Attorney Harold V. Sullivan II made the claims on behalf of Carol Lambert, 41, and Robert Taylor, 60, as a result of the 13 1/2-hour siege that followed a botched robbery at Van Cleef & Arpels jewelry store on Beverly Hills' Rodeo Drive.
Accused of Killing 2
Steven Livaditis, 22, was ordered Monday to stand trial on three counts of murder and 12 other charges in the case.
Livaditis is accused of killing two hostages inside the store. The third hostage, store manager Hugh Skinner, 63, was killed by a sheriff's marksman as the gunman tried to escape, using the hostages as a shield.
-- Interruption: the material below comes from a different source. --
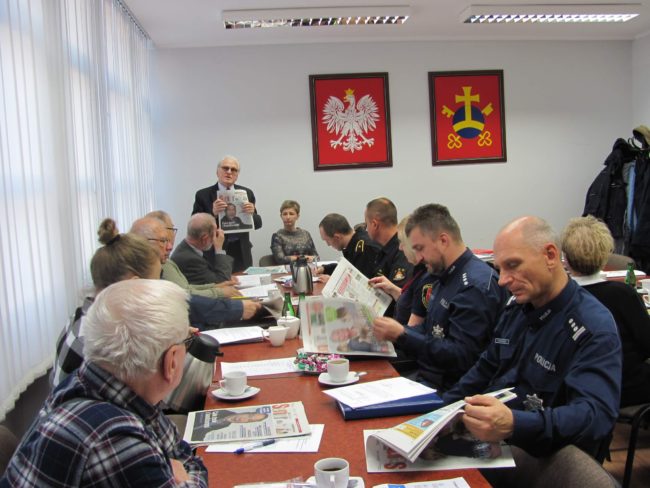Spotkanie rady seniorów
At a preliminary hearing Monday, Sheriff's Deputy George Johnson testified he shot Skinner because he had been told that the only white man in the store was the gunman. However, both Skinner and Livaditis are white.
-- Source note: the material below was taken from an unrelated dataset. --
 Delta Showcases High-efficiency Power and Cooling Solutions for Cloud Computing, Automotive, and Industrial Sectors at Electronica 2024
In a brief prepared statement, Sheriff Sherman Block's office declined Tuesday to comment on Johnson's testimony.
"Sheriff Block has been candid in reporting the facts surrounding the Beverly Hills hostage incident," said the statement, read by Deputy Lynda Edmonds.
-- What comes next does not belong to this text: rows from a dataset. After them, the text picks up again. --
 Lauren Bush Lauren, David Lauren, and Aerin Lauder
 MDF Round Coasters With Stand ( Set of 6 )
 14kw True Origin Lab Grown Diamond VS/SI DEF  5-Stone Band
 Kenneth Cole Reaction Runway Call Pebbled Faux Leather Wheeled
"Several multimillion-dollar civil suits have been filed against Los Angeles County, and the sheriff will not make any further comments upon advice of legal counsel."
Sullivan filed claims for $5 million each for Lambert and Taylor. The county and Beverly Hills have six months to respond.
Sullivan said he expects the damage claims to be rejected, in which case he intends to file civil suits. Sullivan claimed that the county sheriff and Beverly Hills police were negligent in handling the incident.
Police Error Claimed
He contended that police erred because the first squad car to arrive shortly after a silent alarm went off pulled up in front of the store, and subsequent squad cars arrived with their sirens wailing, alerting the gunman.
He also said Beverly Hills police had little experience in handling hostage situations and "didn't understand the seriousness of the situation." Sheriff's special weapons and tactics (SWAT) officers who were summoned were less experienced than those of the Los Angeles Police Department, Sullivan said.